Tuesday, January 28, 2014

Dtk - Chapter 1 finished

We are finishing up the first chapter of Desiring the Kingdom as we read along with Mystie's guidance.  I have enjoyed the conversation so far.

In today's post I am going to do two things.  First I'll discuss chapel and mass in schools I have been a part of in the past. Secondly, I'll discuss how the lesson of this chapter is highlighted in the life of Clarence Thomas.  Yes, my husband is listening to his memoir My Grandfather's Son.   Even the title ties into the point of this chapter.

Chapel versus Mass

First a thought that was convicting, "From most exposition of "the Christian worldview" you would never guess that Christians worship!"   And towards the end of the same paragraph he asserts that our worldview "fails to provide any account of or place for the centrality of Christian worship as integral to the task of Christian education."

This made me think of the difference between the chapel services that most Protestant Christian schools have and the Mass in Catholic schools.  Chapels are typically weekly meetings (mostly at the elementary level) where children listen to a sermonette or Bible story, then they sing a few songs and do some type of offering. The details may differ but that is the general pattern.  Meanwhile, in a Catholic school, students go to mass - sometimes even daily!  Mass is the same regardless of age - it is not watered down.  I was at a Catholic high school (not elementary) so it might be slightly different for younger students - but probably not.  The focus is on the sacrament and not the priest's short homily. If you have experience with this please comment.

Can you already see the difference in formation?  When you are part of the Catholic tradition, no matter where you go (I once went to mass celebrated on a cruise ship because my cousin was assisting with it) it is the same.  No matter your age, the practices are the same.  They truly shape you.  Meanwhile, the protestant tradition is much more splintered and diverse.  One church I recently attended didn't have an order of worship in the bulletin (not even praise, offering, sermon) because they "don't have a liturgy".  WHAT?  Anyway.  I do realize not all Protestant traditions are so free with their form, that is why I attend a more liturgical church.  There is a depth of history and a use of the scripture in the sacraments that is forming.
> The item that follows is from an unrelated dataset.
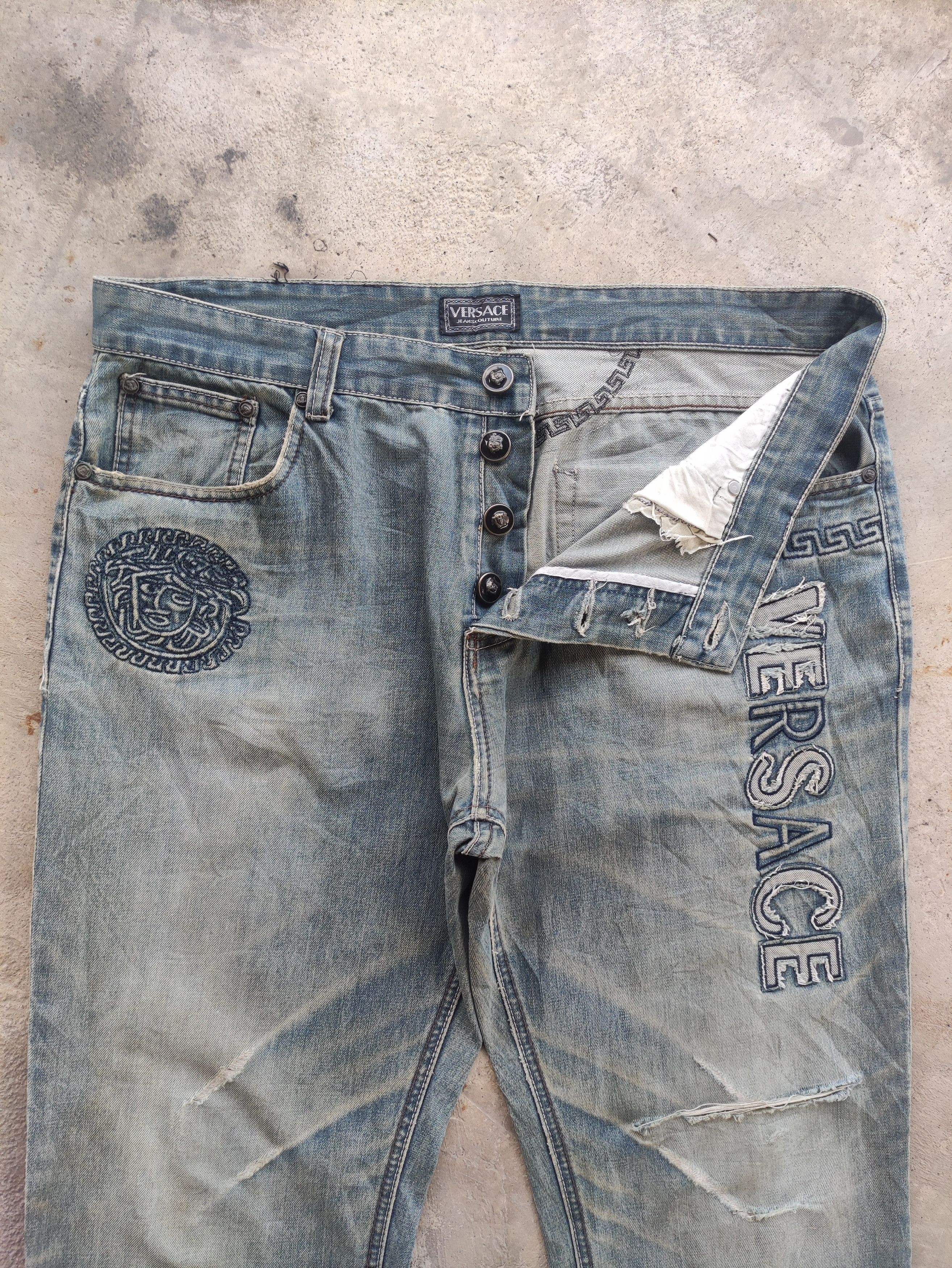 Versace Vintage Versace Button Jean Distressed Faded Denim Size US 40 / EU 56 - 4 Thumbnail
The nuns at the Catholic school I worked in were ADAMANT about the celebration of mass as central to the life of the school.  Teachers complained, students rolled their eyes but everyone went.  The nuns saw it as essential the formation and identity of the school, while most of the faculty and students probably thought it was the least valuable part of the school program (it was an academically rigorous school).  At the time, I probably sided more with the teachers and students, but after thinking about it and reading this chapter, the nuns were right.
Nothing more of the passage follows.